Tanık kanıtı, bir vasiyetçinin gerçek iradesini araştırmak için çok önemlidir ve Yargıtay içtihatları birçok standart belirler. Bu kriterlerden bazıları, satış fiyatı ile gayrimenkulün gerçek değeri arasındaki fark, mirasçıların ve müteahhitlerin mali durumu, aile bağları, bölgesel gelenekler, psikolojik nedenler ve satış için gereken paranın terekeden gelip gelmediğidir. Bu durumda devrin amacı mirasçıdan mal kaçırmak olup, asıl amaç bağıştır ve vasiyet edenin malını satmasına gerek yoktur; taşınmazın devredildiği üçüncü kişi (muris muvazaası davasında davalı) devredilen taşınmazı satın alma hakkının bulunmadığı, mirasçının taşınmaz satışı için makul bir gerekçesinin bulunmadığının kanıtlanması gerekir. Kanıtlı komplo iddiaları; tanıklar, bilirkişiler, keşifler ve her türlü hukuki delil ile mümkündür.
Mirastan Mal Kaçırma Davaları Herhangi Bir Süreye Tabi Değildir
Mirastan mal kaçırma davalarında yapılan şüpheli işlemler geçersiz olarak sayıldığından dolayı hiçbir hüküm sonuç doğurmamaktadır. Muvazaalı işlem sonucu gerçekleşen fiilin belirli bir süre geçse de zaman aşımına uğramayacaktır. Bu sebepten ötürü muris muvazaasına dayalı olan tapu işlemleri iptal davaları açılması süresi yoktur. Zaman aşımı olmadığı için ilgili fiilin tespitinden itibaren en kısa süre içerisinde dava açılabilmektedir.

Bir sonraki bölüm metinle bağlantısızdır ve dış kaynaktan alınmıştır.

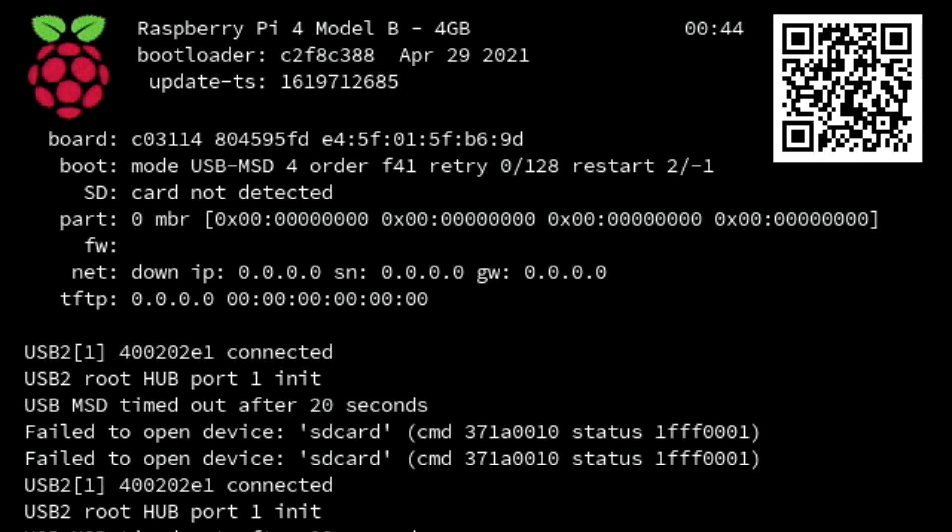That first line says Raspberry Pi 4 model B dash 4GB. That 4GB indicates that we currently have a 4GB RAM version of the Raspberry Pi 4 computer board. So if you have a 2GB version it's going to say 2GB, and if it's an 8GB version it's going to say 8GB. This is definitely the best way to determine which version you currently have. The codes you'll find on the memory module just aren't up to date, so I really recommend going this route as opposed to checking those.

Görevli ve Yetkili Mahkeme
6100 sayılı Hukuk Muhakemeleri Kanunu’na göre bu davalara bakan mahkeme asliye hukuk mahkemesidir. Ölen kişinin muvazaalı olarak açılan tapu iptal davası aynı taşınmazı kapsar ve yetkili mahkeme taşınmazın bulunduğu yer mahkemesidir. Birden fazla gayrimenkul varsa, gayrimenkulün bir parçasının bulunduğu mahkemede dava açılabilir.
Mirastan Mal Kaçırma (Muris Muvazaası) Davasının Sonuçları
Müvekkilin yaptığı alım satım işlemlerinin muvazaalı olduğu yargılama sonucunda tespit edilirse tapuda devrin iptaline karar verilecek ve karar geriye dönük olarak hüküm doğuracaktır. Bu nedenle yasal mirasçılar, miras alınan taşınmaz üzerinde satış ve satın alma işlemi hiç gerçekleşmemiş gibi haklara sahiptir.
İzmir Miras Avukatı
Günümüzde meydana gelen miras anlaşmazlıklarının geneli taraflar arasına mal kaçırma vb. durumlarda ortaya çıkmıştır. Sizlerde bu gibi durumlarla karşı karşıya kaldıysanız İzmir miras avukatı Vural & Altun hukuk bürosundan destek alabilirsiniz.